Folders named Unknown contain vEthernet interfaces that have not been associated with a network interface card (also called nonparticipating interfaces).

Step 3 Expand the desired folder.

Step 4 Choose the desired interface.

Step 5 In the Details pane, click the Port Details tab.

Step 6 Expand the Port Mode Settings content.

Step 7 In the Mode drop-down list, choose Trunk.

Step 8 In the Allowed VLAN drop-down list, choose one of the following:

(1-3967, 4048-4093)—Specifies VLANs 1 to 3967 and 4048 to 4093 as the allowed VLANs.

None—Specifies that no VLANs are allowed.

Specific—Allows you to choose one or more VLANs from the list of available VLANs.

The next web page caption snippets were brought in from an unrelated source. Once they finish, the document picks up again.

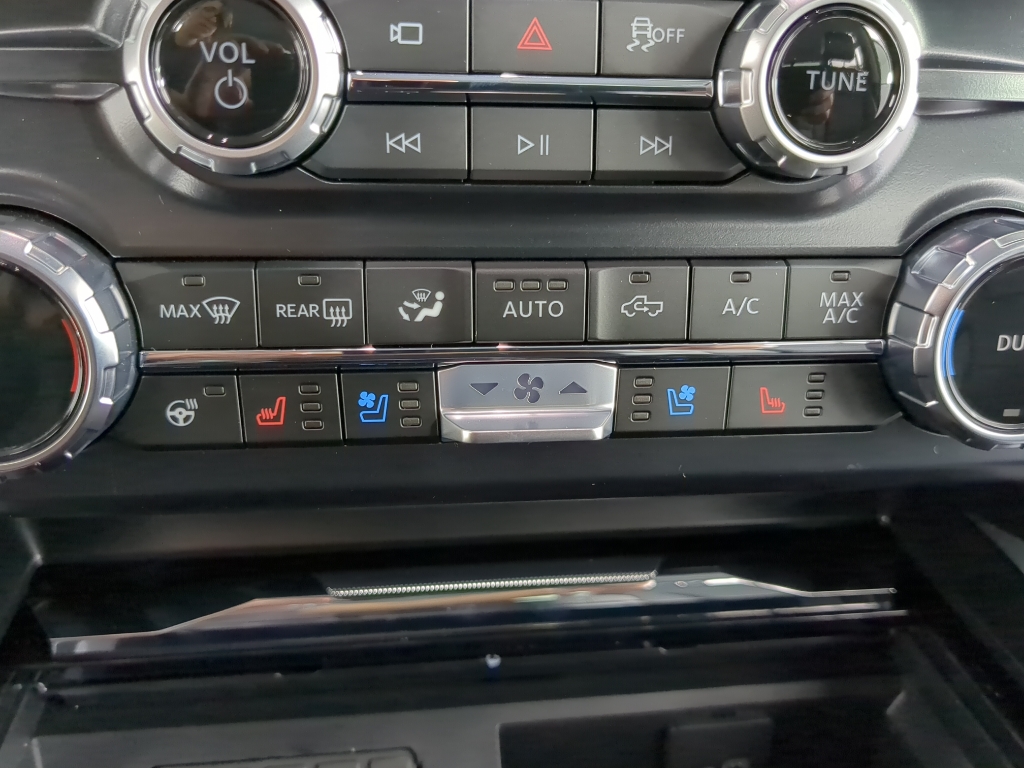 2026 Ford F-250 Lariat photo 16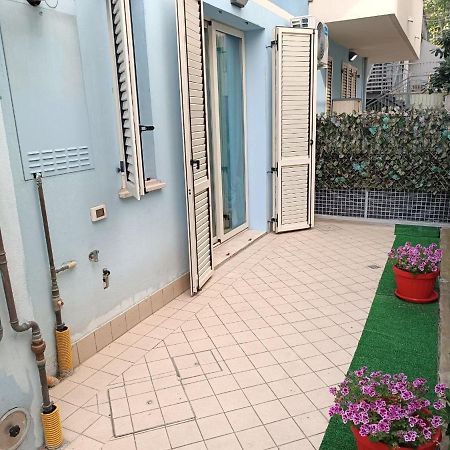 Residence Blu Marine Римини Экстерьер фото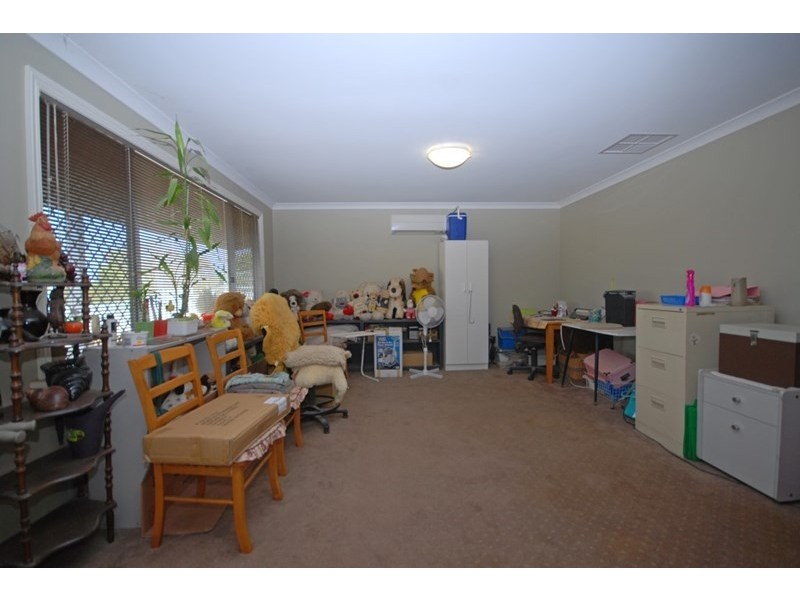 69 Fox Street, Narrogin WA 6312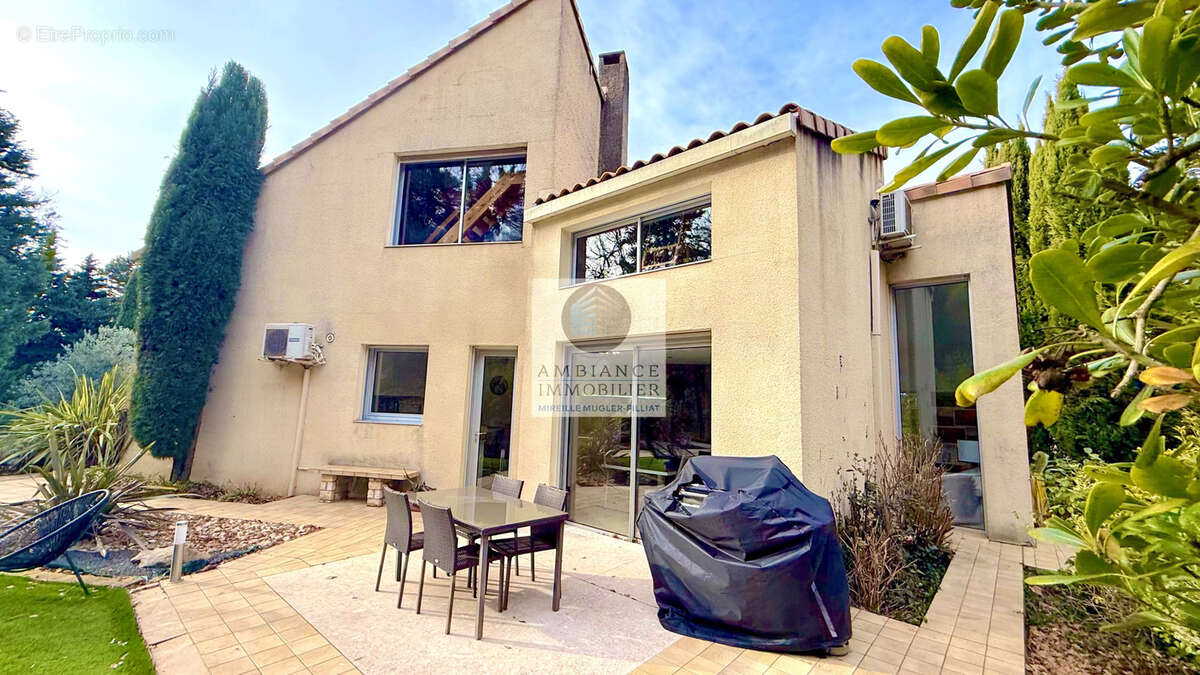 Maison à LORIOL-SUR-DROME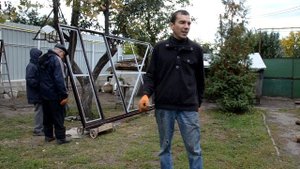 Делаем откатные ворота: 5 Красим, перемещаем к месту установки.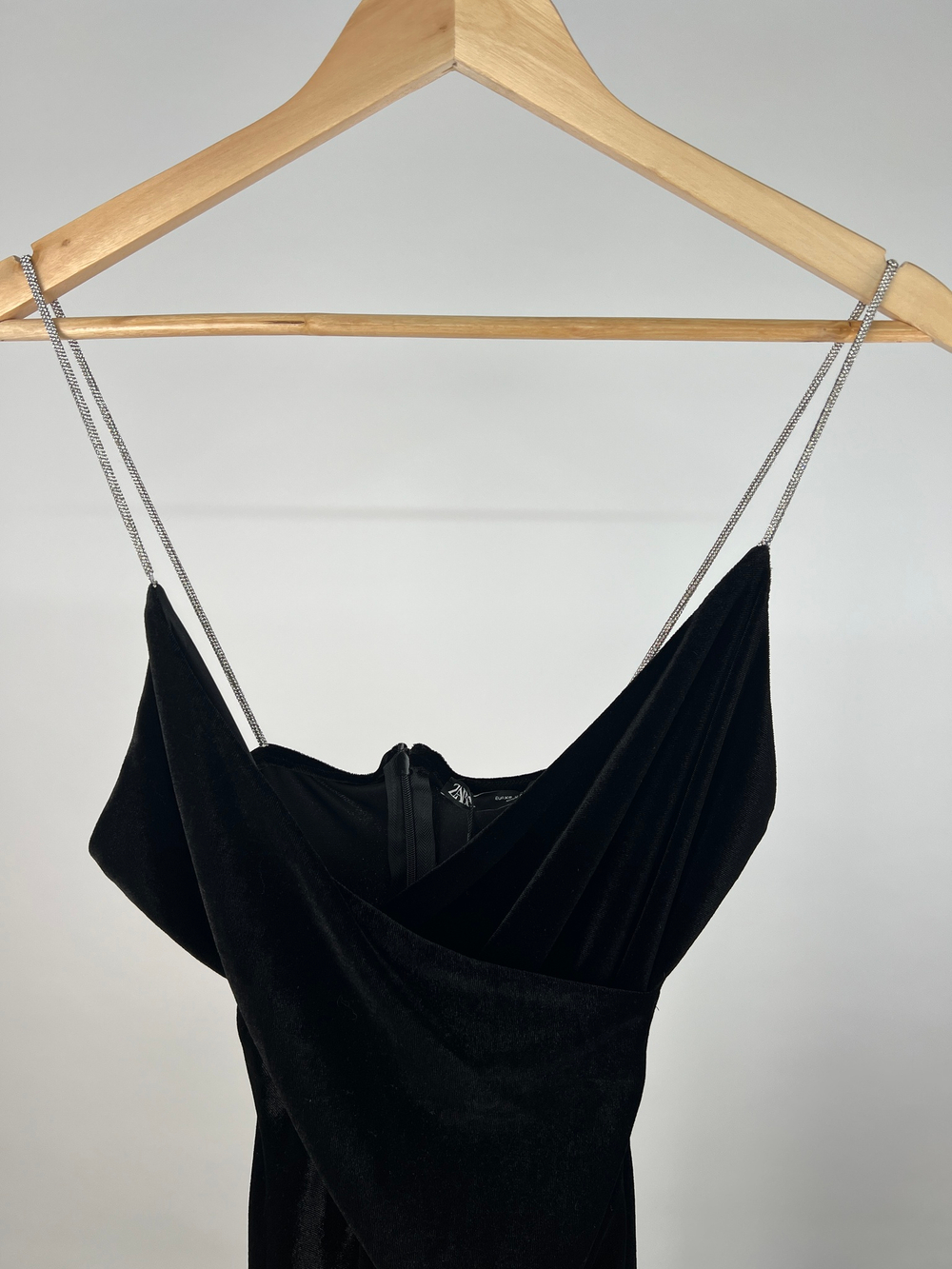 Платье Zara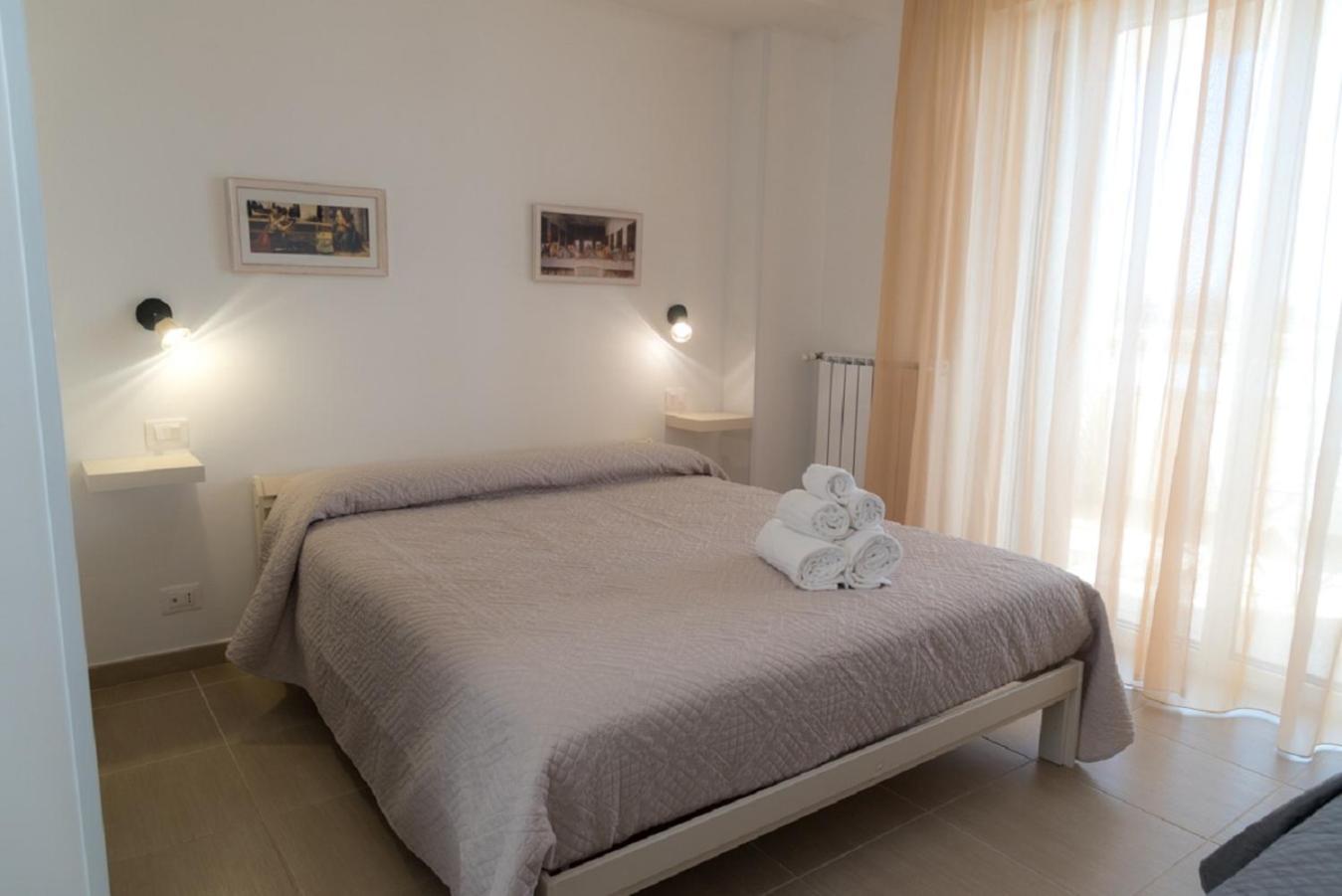 Deluxe Double Room with Balcony - Photo 1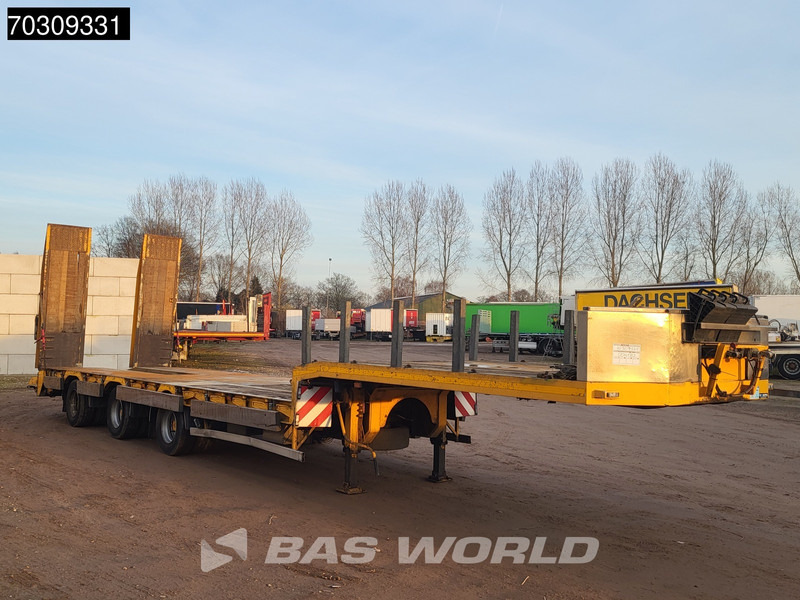 GS Meppel Remote Control 2xSteeringAxle - Low loader semi-trailer: picture 5 GS Meppel Remote Control 2xSteeringAxle - Low loader semi-trailer: picture 5
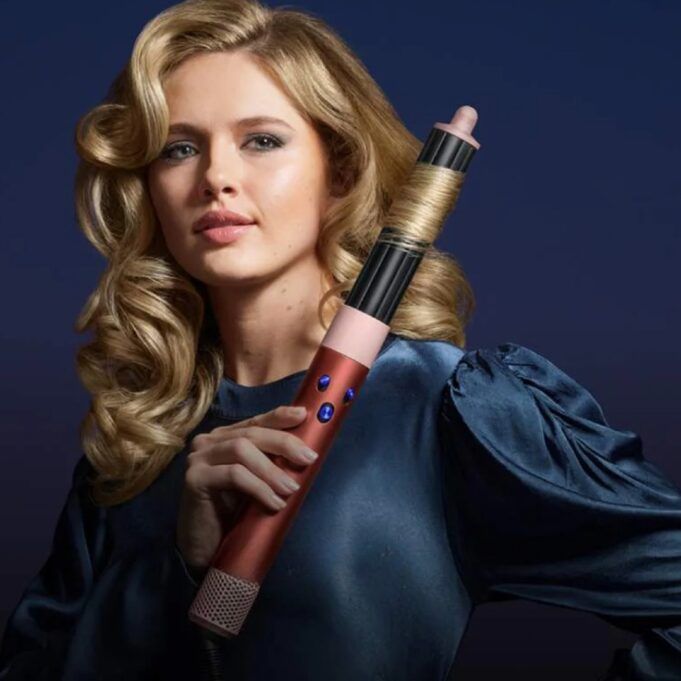 rs_1200x1200-241115062519-Dyson_Airwrap_Deal_3.jpg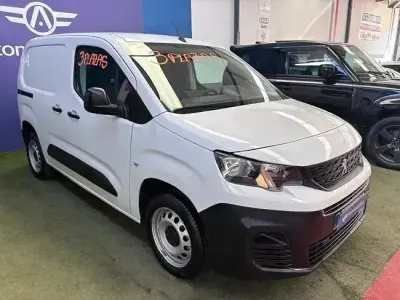 Usado Peugeot Partner 102 CV (75 kW) 2023 Blanco Monovolumen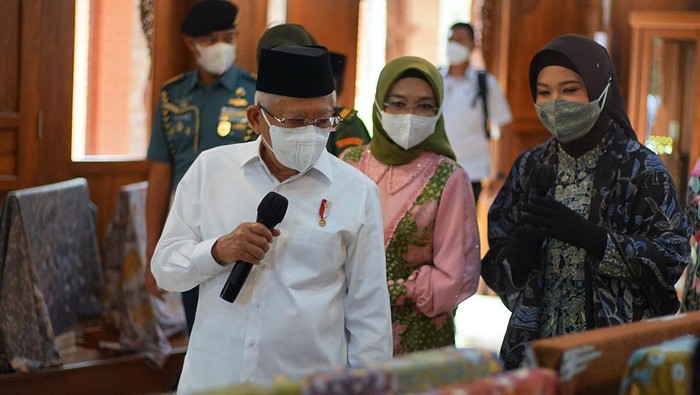 Wapres Maruf Amin di acara Batik Semarang 16.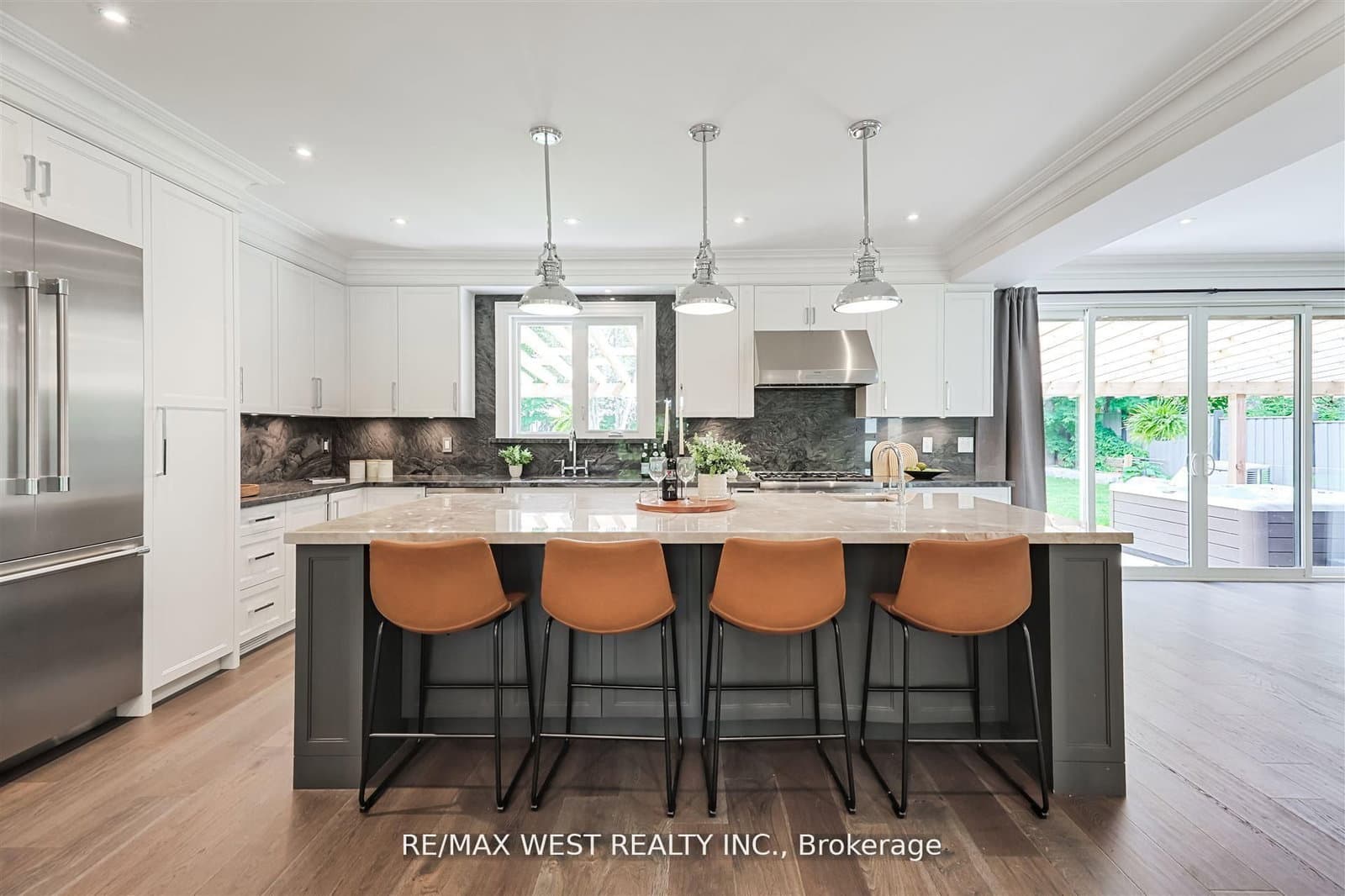18 Windy Ridge Drive, Toronto, ON — photo 3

Step 9 In the Native VLAN drop-down list, do one of the following:

Choose an existing VLAN and click OK.

In the Assign a new VLAN ID field, enter a new VLAN ID, and if desired, check Create in the device. Click OK.

Step 10 From the menu bar, choose File > Deploy to apply your changes to the device.


RELATED TOPICS

Configuring a Description for a vEthernet Interface

Configuring a vEthernet Access Interface

Configuring a Private VLAN on a vEthernet Interface

Enabling or Disabling a vEthernet Interface

Configuring a Private VLAN on a vEthernet Interface

You can configure a private VLAN (PVLAN) on a vEthernet interface.

BEFORE YOU BEGIN

If you do not want a default description to be assigned, configure the vEthernet interface with a description. For more information, see the "Configuring a Description for a vEthernet Interface" section.

DETAILED STEPS


Step 1 From the Feature Selector pane, choose Interfaces > Logical > Virtual Ethernet > N1K-Virtualization.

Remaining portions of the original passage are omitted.